While extension methods are not directly required for supporting closures, the addition of a feature such as closures to the language puts pressure on the libraries, because with closures in the language it becomes far more desirable for the Collection type to include, say, a forEach() method. So Lambda expressions became the last straw that pushed us to revisit the flexibility of inheritance.
But the real push behind adding closures at this point is the trend towards multicore. Without closures, the collections classes can't easily offer internal iteration, so the for loop becomes the only way developers have to iterate through a collection. And the for loop is inherently serial. So the current state of language+libraries is driving developers towards serial idioms, which puts developers on a collision course with Amdahl's Law.
Q: How can developers contribute to the project?
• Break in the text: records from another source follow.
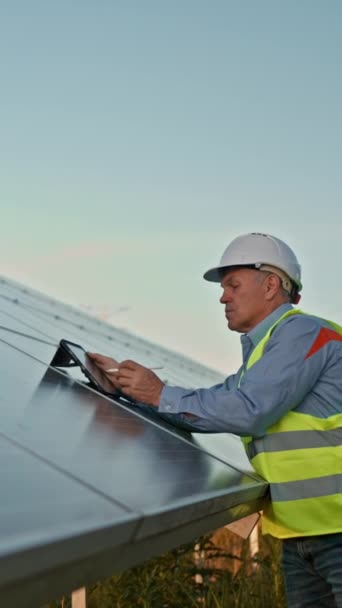 Volwassen industrieel werker met behulp van tablet, terwijl de monitoring van rijen van fotovoltaïsche zonnepanelen bij zonsondergang. Zonnepark en concept van alternatieve energie - Video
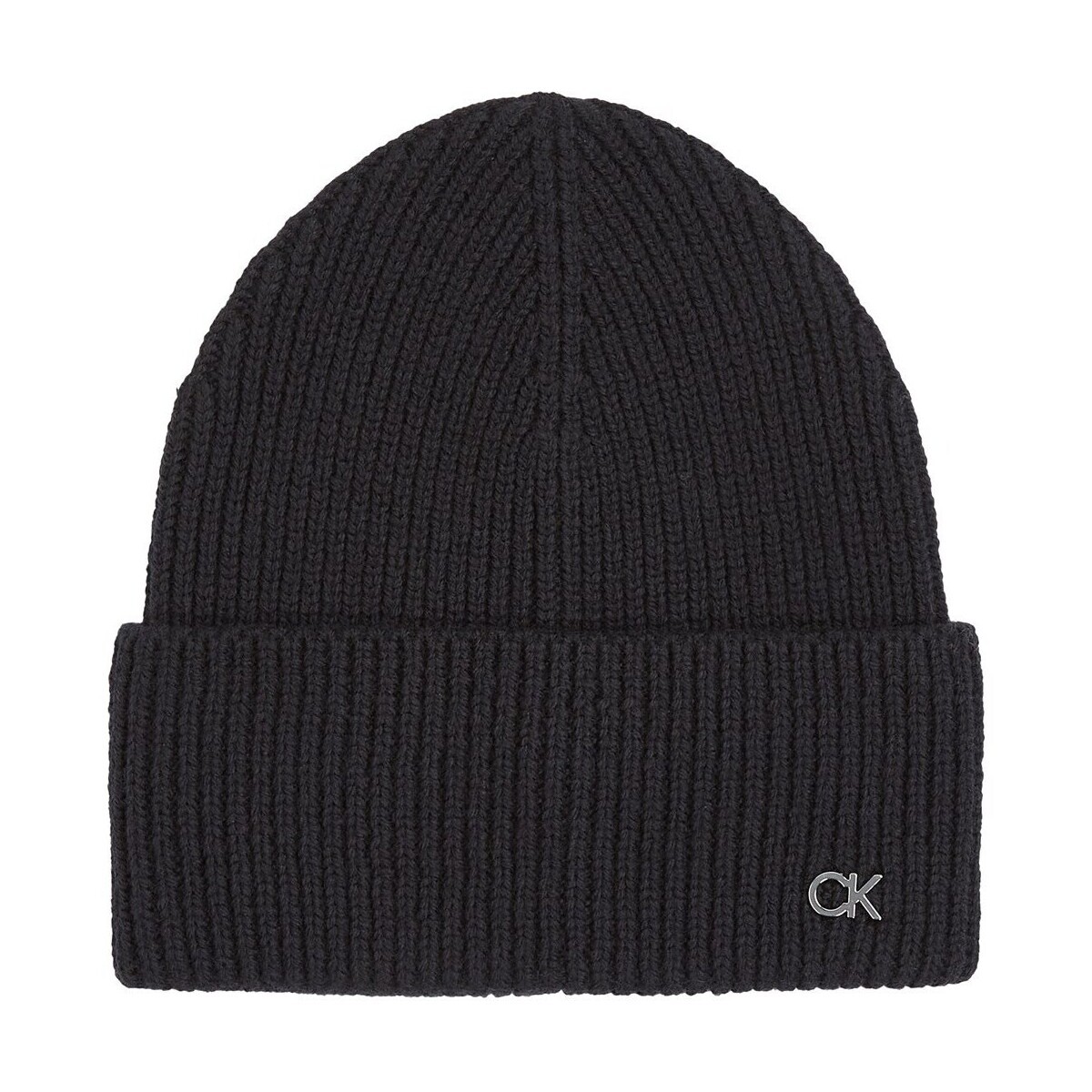 Calvin Klein Jeans  Ck Metal Chunky Rib Beanie  Černá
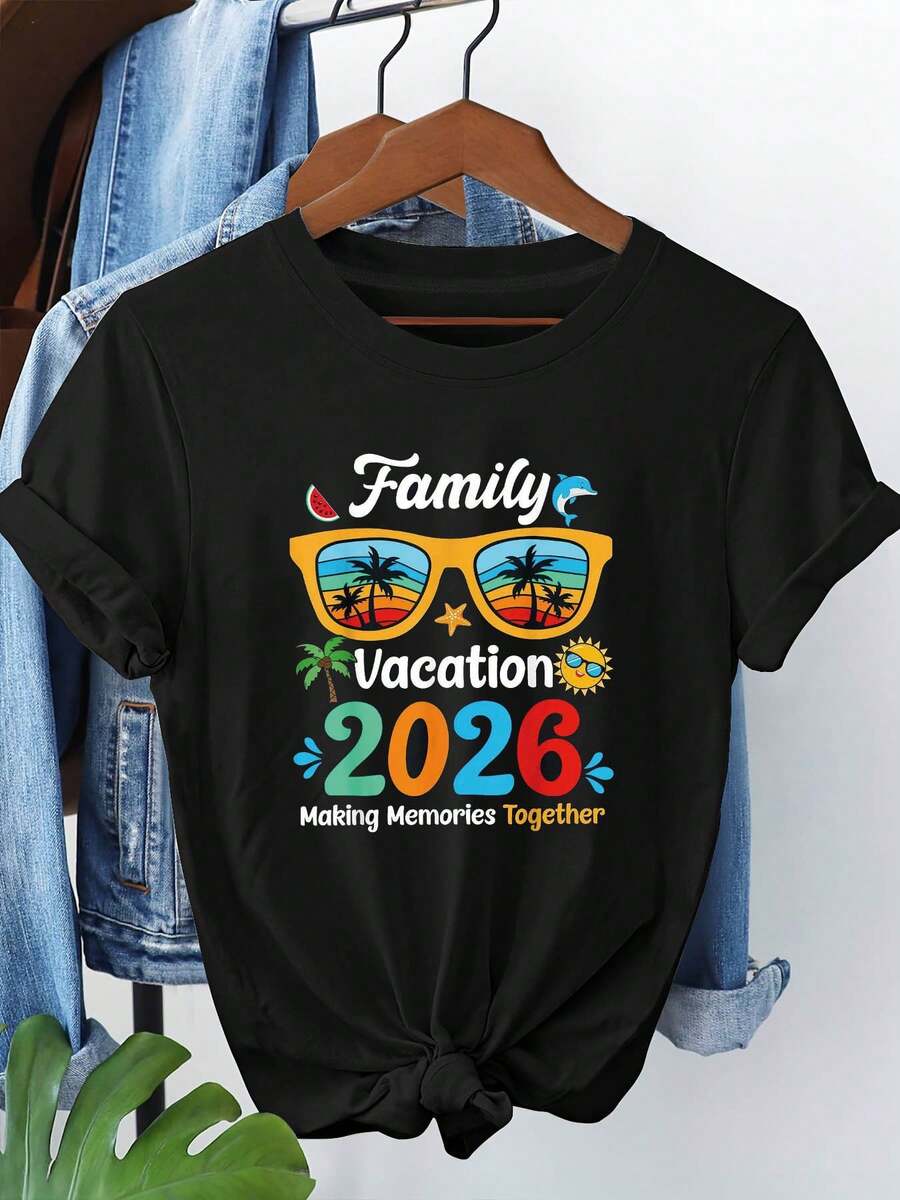 Women's Printed T-Shirt Family Holidays 2026 With "CREATING MEMORIES TOGETHER" Text Print, Short Sleeve Crew Neck T-Shirt For Women, Casual For Shopping, Holiday, Christmas Gift, Outfit For Friends Gatherings, Summer T-Shirt. - 黑色 - 查看 1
A: All our development is taking place in the open. Project Lambda and Project Coin are both hosted at OpenJDK, and the mailing lists are open to the public. We've gotten lots of feedback from the community already.
The JVM Language Summit
Q: You helped host the JVM Language Summit, which was held on July 26-28 of 2010. How would you assess the state of the art of language design and implementation on the JVM, and the present and future capabilities of the JVM itself?
A: The JVM Language Summit has been a fantastic success. For the last three years running, we've had an amazing collaboration between VM developers (with architect-level representation from all three major commercial VMs) and language designers and implementers. Much of the discussion has fed directly into the JSR-292 process. The JVM has always been a good platform for implementing languages, but there have always been pain points because the JVM has a small number of aspects that are Java-specific, though fewer than you might think. But through the collaboration with language developers, we've been able to reduce the size and impact of these areas of mismatch. If I were building a new language today, there's no way I would consider writing a native compiler -- I'd much rather target the JVM, and get portability, garbage collection, high-quality compilation, concurrency control, tools, serviceability, and lots of other features for free.